Breastfeeding is the best source of nourishment for infants and young children — and one of the most effective ways to ensure child health and survival. According to the World Health Organization (WHO), “If every child was breastfed within an hour of birth, given only breast milk for their first six months of life, and continued breastfeeding up to the age of two years, about 800 000 child lives would be saved every year.”
The WHO reports that globally, less than 40% of infants under six months of age are exclusively breastfed. Adequate breastfeeding counseling and support are essential for mothers and families to initiate and maintain optimal breastfeeding practices. The Academy of Nutrition and Dietetics specifies that “Exclusive breastfeeding provides optimal nutrition and health protection for the first 6 months of life, and breastfeeding with complementary foods from 6 months until at least 12 months of age is the ideal feeding pattern for infants. Breastfeeding is an important public health strategy for improving infant and child morbidity and mortality, improving maternal morbidity, and helping to control health care costs.”

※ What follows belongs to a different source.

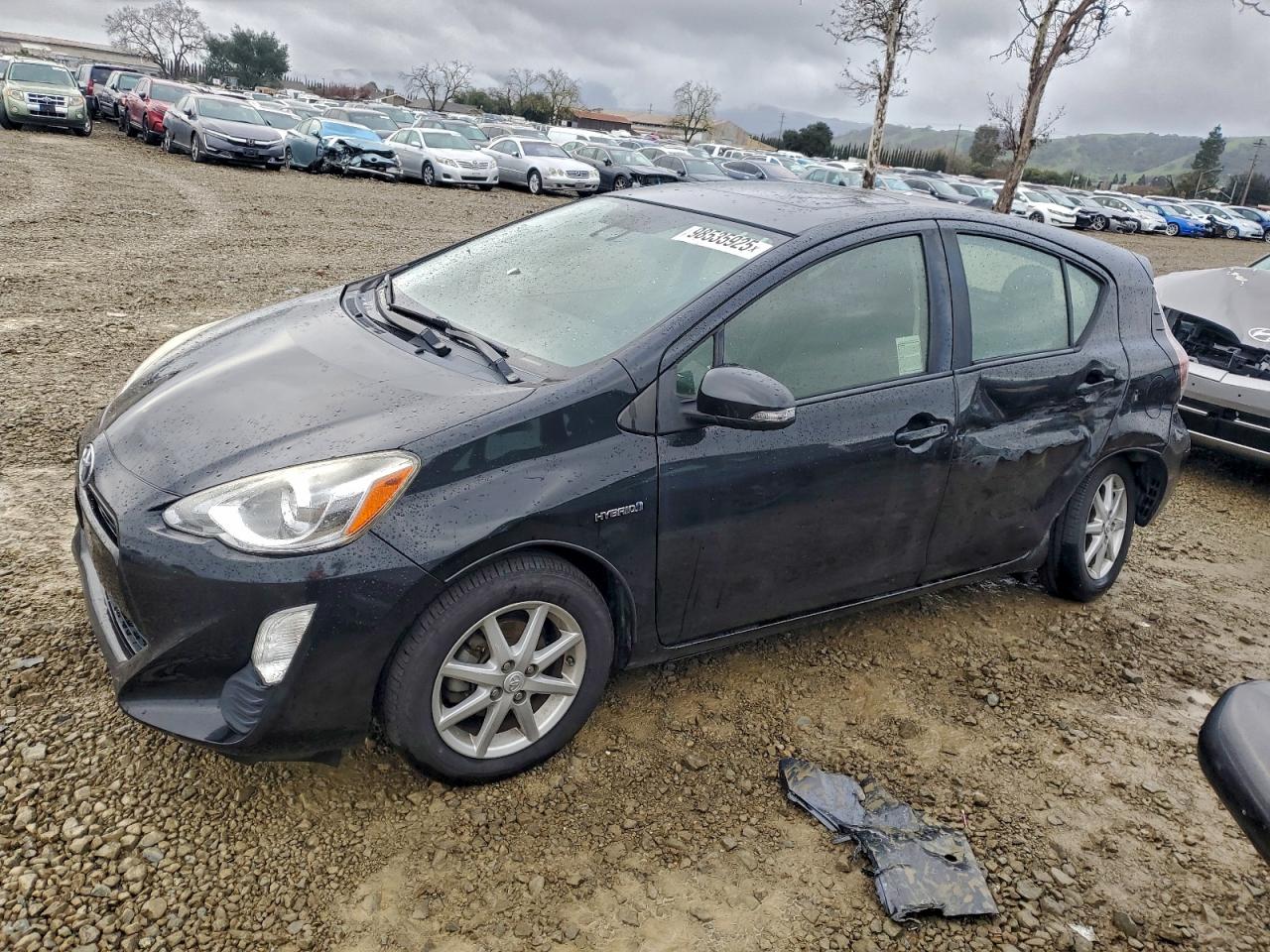 TOYOTA PRIUS C 2016
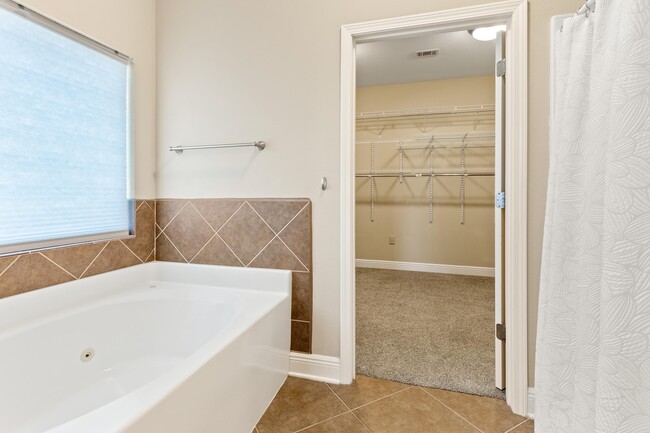 Building Photo - 24 Mozart Ln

One of the many benefits of breastfeeding derives from the influence of breast milk on the gut microbiota — the complex ecological community made up of the trillions of microbes that inhabit the gastro-intestinal tract. Now, results from a new study suggest an additional benefit of breastfeeding — the ability to prevent the development of necrotizing enterocolitis, a devastating disorder that causes the swift and irreversible death of intestinal tissue. Necrotizing enterocolitis affects 12 percent of premature babies, is one of their most-challenging-to-treat conditions, and claims the lives of one in four babies who develop it.
The study, carried out by a team of scientists led by Johns Hopkins pediatric surgeon-in-chief David Hackam, indicates that epidermal growth factor, or EGF for short — a protein found in animal and human breast milk — blocks the activation of a protein responsible for unlocking the damaging immune cascade that culminates in necrotizing enterocolitis.
Hackam said in a press release: “We have known for some time that breast milk can protect premature babies against intestinal damage but how and why it did so has been somewhat of a mystery. We believe that our findings solve a major piece of the mystery of this disorder.”
The new study builds on previous findings by Hackam’s team showing that a protein called Toll-like receptor 4 (TLR4) is a key instigator of the intestinal damage seen in necrotizing enterocolitis. Under normal conditions, TLR4 regulates the body’s immune response to bacteria, but in the premature gut it plays a slightly different role — it regulates cell differentiation and intestinal growth. Shortly after birth, all babies’ intestines become colonized with bacteria, a normal process of adapting to their new living environment. However, in the guts of premature babies, the TLR4 protein goes haywire, turning off oxygen supply to the intestines and causing the hallmark cell death of necrotizing enterocolitis. The researchers hypothesized that breast milk inhibits the deleterious action of TLR4 and found that EGF is responsible for this inhibition.
Misty Good, one of the researchers involved in the study, said in the press release: “Taken together our findings show that EGF is a key factor present in breast milk that prevents the onset of necrotizing enterocolitis in two ways: EGF prevents intestinal cells from dying while at the same time restores the cell growth that promotes gut healing. Importantly, our experiments stress the importance of providing breast milk to premature babies to prevent this deadly disease. The discovery of one of the components in breast milk that protects against necrotizing enterocolitis could pave the way to new therapies for the nearly half-million at-risk premature babies born in this country each year.”